American glam-rocking singer/songwriter Adam Lambert concedes, with a self-chiding laugh half-way through our conversation, that “sometimes success and fame can feel a little bit like double-edged swords that bring great things but also bring unexpected things, like being misunderstood or underestimated, and that can be hard.”
With his singular voice and musical vision, Lambert found enormous US success as the runner-up on the 2009 season of American Idol. Though he well and truly owned the stage every week, he was best known for two blistering but utterly different performances during his time on Idol, each of which showcased his enormous versatility and vocal prowess.
One of them was a mind-blowing psychedelic freak-rock interpretation of Johnny Cash’s ‘Ring of Fire’ and the other a heart-wrenching, pared-back cover of the Tears For Fears song ‘Mad World.’
He also managed to do what only two other Idol finalists (and eventual winners) Kelly Clarkson and Carrie Underwood had done post-Idol: he parlayed his success into an international career with the release of a truly great debut album that was worthy of his considerable talents.
For Your Entertainment was a fearlessly wide-ranging album on which Lambert indulged his musical magpie tendencies, trying multiple genres on for size and succeeding in doing so as he sang his way through everything from stomping glam rock to gorgeously haunting ballads and superbly emotive songs that were drenched in everything from hints of eastern exoticism to the nostalgia of full-on synth-laden ‘80s pop and electronica.
It spoke to the enormity of Lambert’s self-effacing talent, poise and promise as a performer that British band Muse and American songstresses Pink and Lady Gaga all gifted him songs for the album, with the latter enthusiastically declaring herself to be Lambert’s “musical soul sister.”
“From what I’ve gathered, Australia really understands the value in joy and peace and being able to live a life that’s satisfying.”
Much, too, was made of Lambert’s sexuality. During his time on Idol, he refused to address speculation that he was gay. Many argued that the speculation unjustly cost him the winner’s crown, something Lambert told US Rolling Stone magazine was “probably” true when he was later interviewed for a cover story.
Still, as he puts it, “I don’t think I was ever hiding anything. I more-or-less went into it with a ‘what you see is what you get’ mentality. I mean, I was a 27-year-old middle-class white guy wearing make-up and heels, what did people think they were getting, you know?”
Lambert laughs and pauses before continuing: “When I came out, I think I kind of did so with a sense of weariness and hesitation. I’ve lived openly my whole life so was in no way ashamed of who or what I am, but I was aware that coming out publicly, as it were, would possibly alter the way people looked at me or perceived me. But, that said, I’m really an open book. I think I always knew that anybody who had a problem with my orientation probably wasn’t somebody I wanted to connect with anyway.”

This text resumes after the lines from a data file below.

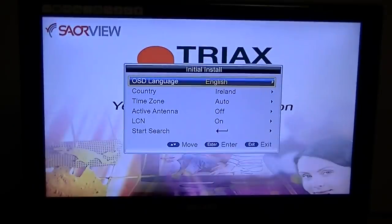In this video for the Triax TSC 114 Saorview approved combo receiver, we're going to show you how to scan in all the UK satellite TV stations from scratch. The disadvantage of doing this is you're going to pull in hundreds of channels, they're going to be all over the shop, and there's going to be a lot of duplicates. You'll have to go and sort, reorder, and delete the ones you don't want yourself.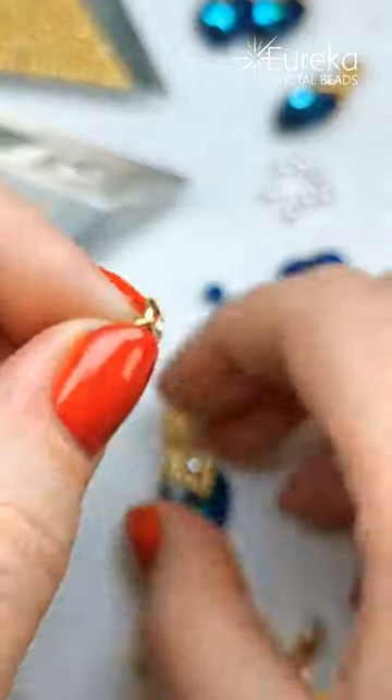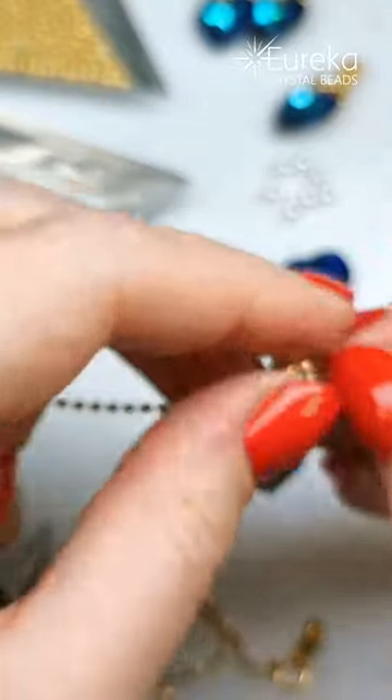And you get yourself a chain that you can put through any charm or pendant.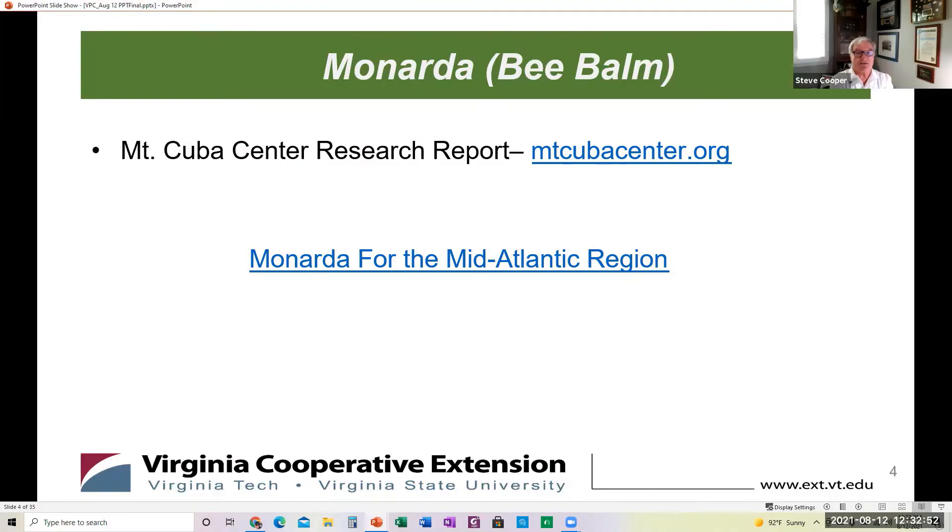A quick bit of introductory information. Much of the information that you're seeing today is based upon a recent research report from the Mount Cuba Center. The Mount Cuba Center provides these research reports in order to improve the understanding of native plants and how best to use native plants to improve our local environment.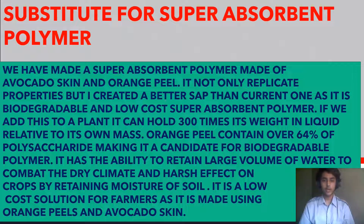When added to soil around a plant, it can hold 300 times its weight in liquid relative to its own mass. Orange peel contains over 64% of multisaccharides, making it a candidate for biodegradable polymer. It has the ability to retain large amounts of water, combat dry climates, and reduce the harsh effects of drought by retaining moisture in the soil. It is a low-cost solution for farmers as it is made using orange peel and avocado skin.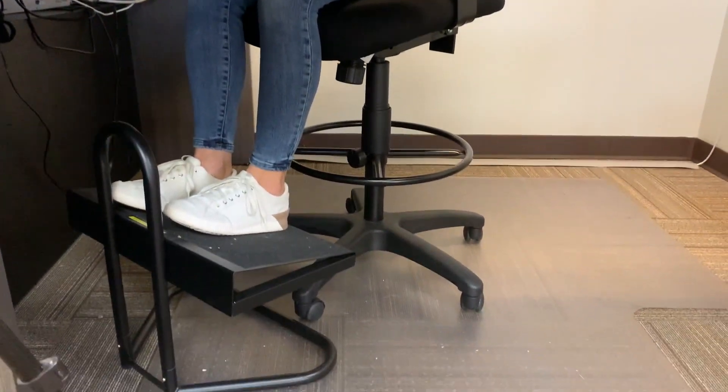With a reception desk, all the things I've covered so far are very similar to a standard desk. However, one thing that may be hard to tell in this video is that I'm sitting on a task stool. This raises my height so that when foot traffic comes in, I can be at the same eye level as them.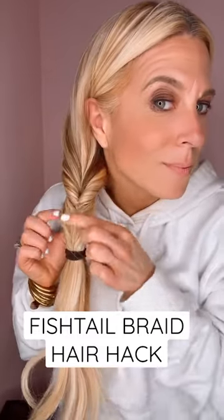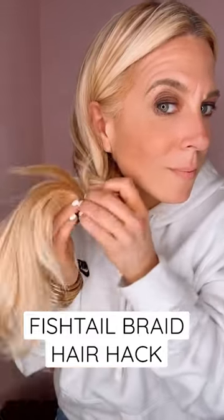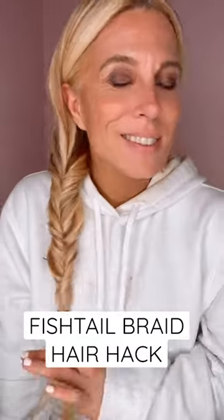Pull the hair tie down a little bit, go to the side, do another topsy tail. And then you're going to pull the hair tie down a little bit more, go to the other side, and then do one more topsy tail. As you can see that cool little fishtail braid coming together. Follow for more.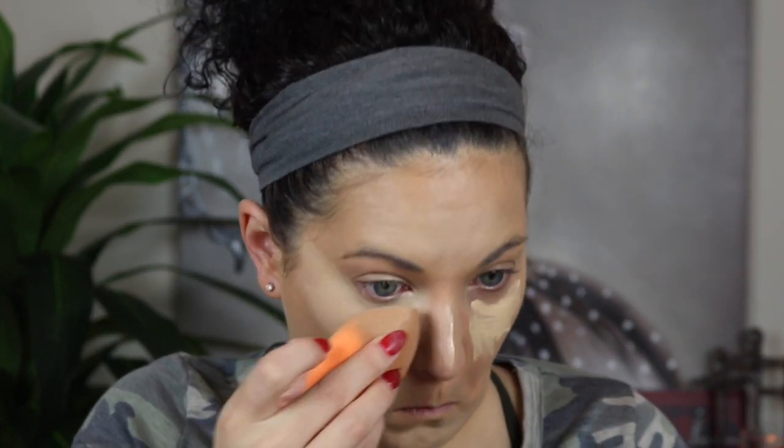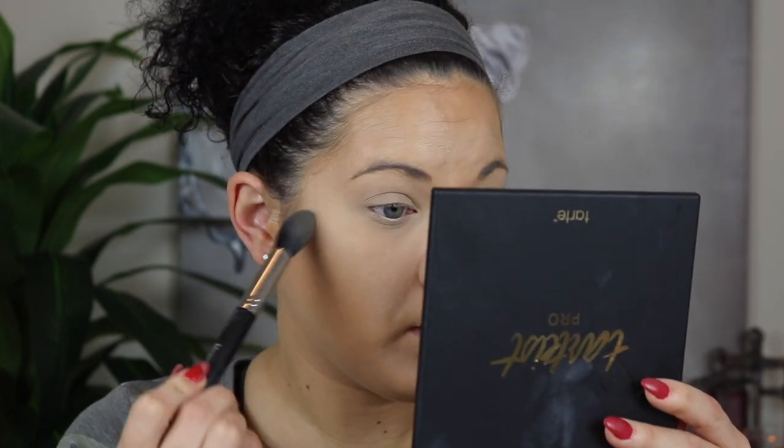Wow — first impression: I've literally had it on for 10 seconds and I can already see it creasing. So I'm going to set it with the Kat Von D setting powder, which I've also never tried. We'll set these in place so we don't get any creasing. I really like the color of the setting powder and it doesn't seem as heavy as the Laura Mercier, which might be a good thing.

In May, Lambert released his much-anticipated second album, Trespassing. Whereas For Your Entertainment had reached number three on the US Billboard Albums Chart, his sophomore effort bettered that not inconsiderable achievement by debuting at number one.
Not surprisingly, the media was filled with headlines about Lambert being the first openly gay artist to debut on the Billboard Album Charts in the top spot. Again, it seemed that his sexuality was synonymous with his music, the two hopelessly conflated and inseparable, something Lambert admits he finds tiring at times.

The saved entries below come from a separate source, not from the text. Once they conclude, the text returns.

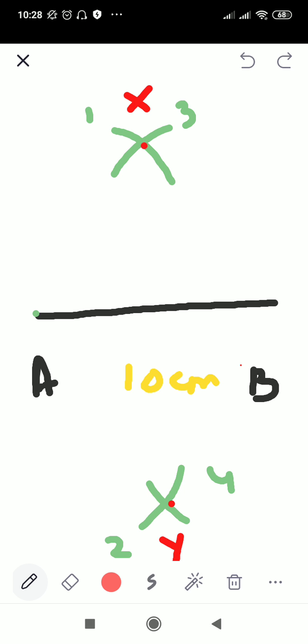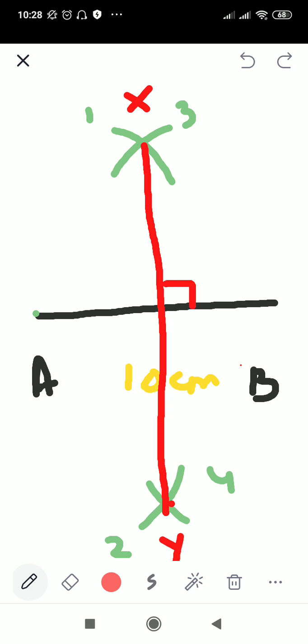X and Y will be the center of the arcs. Step 4: join X and Y to cut AB at point S. You are going to join X and Y with the scale. Where XY cuts AB, you will get a 90-degree angle. That intersection point is point S — the midpoint. To verify your perpendicular bisector, measure the distance from A to S and from S to B.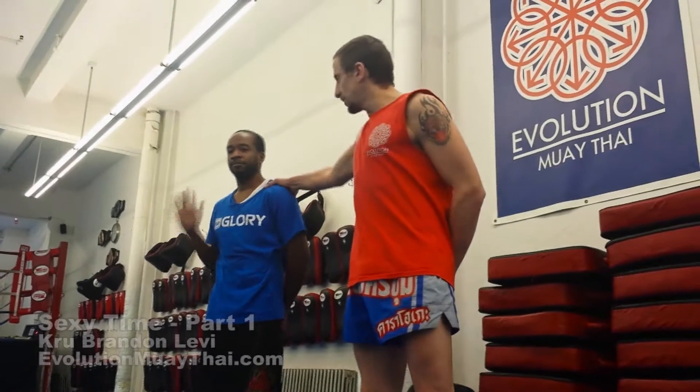Hi folks, Brandon Levi from Evolution Muay Thai here. I've got my student Ash here today. He's going to help me show you the sexy time number one — it's a sexy time stretch. I know it's a funny name, but it's actually really handy for basic technique.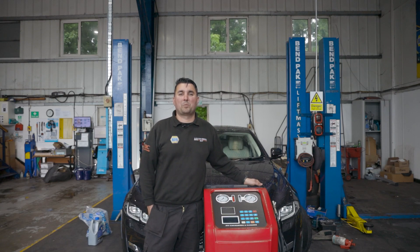Hi, I'm Ant from AAK and today I'm here with Professional Motor Mechanics magazine to review the Fortron ATF Exchanger and Cleaner.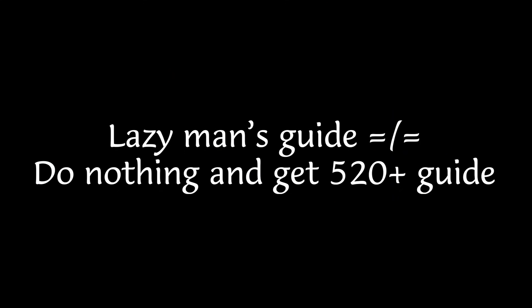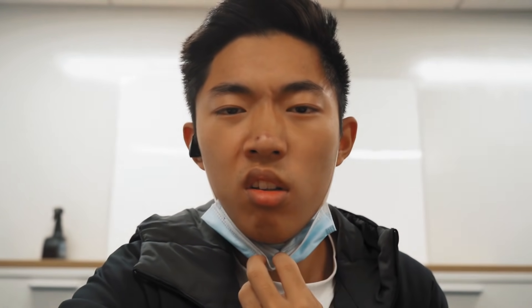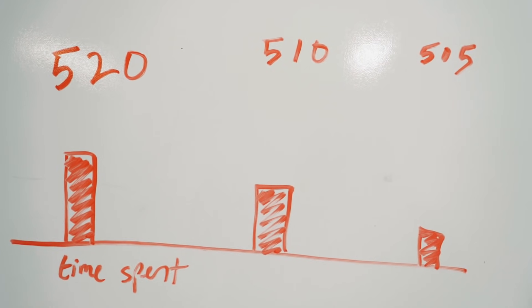This video is meant to help guys like him who don't necessarily know that much about the MCAT, but want to follow simple steps to raising their score fast. The Lazy Man's Guide is not a 'do nothing and get a 520 plus' guide — it's more of a 'how do I do the bare minimum and still get a 520 plus' guide. You'll have to have the motivation to get your act together for maybe a month and a half, two months minimum. If you find this to be too much, you can dial everything down — this can be the guide to a 510 or 505 plus. It's more of a strategy, not necessarily a study plan.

“It always feels a bit different when I am talking about these issues for a LGBT publication like yours because I feel like that audience that’s reading it may understand these struggles a whole lot more. When it’s for a mainstream publication, yes, it tends to be a lot more sensationalised and I do find that frustrating and problematic when it’s all about my sexuality and not so much about my music. I think the goal is to try and find a balance, which can be tricky, because often I have no control over it,” he says.

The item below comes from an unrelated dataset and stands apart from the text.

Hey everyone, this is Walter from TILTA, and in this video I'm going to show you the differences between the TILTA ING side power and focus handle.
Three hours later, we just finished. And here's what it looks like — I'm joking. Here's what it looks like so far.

“Being gay is definitely a part of my identity and who I am and it’s something I am completely, one hundred percent comfortable with. I don’t hide who I am when I write lyrics. I refer to my own life, my own struggles, my own joy, my own love, whatever.
“On one side, I see it as very important to be outspoken and to be visible as being that, especially for young people and for the next generation who are coming up, who are looking for examples of people who are not letting their sexuality keep them from doing exactly whatever the hell they want, basically.”